The broking house goes on to say that the merged entity is likely to be seriously in the play for the much-vaunted broadcast rights for cricket tournaments, notably the money-spinner Indian Premiere League, by far the richest cricket league in the world, as well as the rights for Indian national team’s games. “We are of the view that ZEE+Sony should be using its balance sheet strength to acquire either IPL or ICC India cricket series rights (both currently with Star India) as that would play a critical role in the face-lifting its OTT platform and improving monetisation capabilities for existing and potential non-sports content,’’ says Emkay’s report.

‘‘The market is very competitive. There is always the fear of being sold or being bought out even for big companies like Sony. A few months back only Sony was in talks for a merger with Reliance’s Viacom network of Colors. It also considered merging with Zee at that time but since the Reliance merger was already in talks, Sony did not pursue Zee,’’ a Sony insider tells Media India Group.

‘‘The growth in this market is after a point becomes stagnant and but you need to keep moving forward. Sony lacks the regional reach that Zee has. In Hindi, Star with its channels has the highest weekly viewership with 31.5-32.5 pc, while Zee is second placed with about 18 pc and Sony is further behind with 13 pc. The combined entity will be able to compete for advertising revenues through their greater combined viewership.

Another gain for Sony in the merger is the very rich repertoire that Zee boasts of in music as well as films, segments where Sony has been weak and failed to make adequate investments in the past. “With the large music and films’ libraries that Zee brings along with it, we would have a plethora of options for providing the user with entertainment choices,’’ adds the Sony insider.

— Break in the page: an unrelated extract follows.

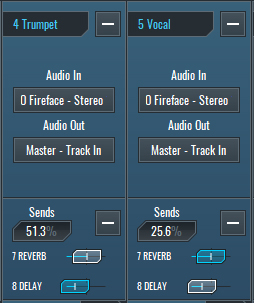 This is an image showing the effects added to the vocal and trumpet tracks.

The competition is bound to increase with two of the top three players in the GEC market joining forces. All the players in this sector are trying to get the bigger share of the pie by hook or by crook. “With only three behemoths in the market, and two joining houses makes us the strongest player in the GEC category. Talking of sports Star has the lucrative rights for cricket. Sony and Zee, with their combined pockets, will be making a play for it. This will help us build our OTT platforms as well. With the coming of OTTs, TV channels have witnessed a decline in viewership and this decline will continue further as OTT offers flexibility which normal television can’t offer. If we get the rights for cricket then this will be a major boost for us in especially in raising the viewership and getting active subscribers for the OTT platform,” says the Sony employee.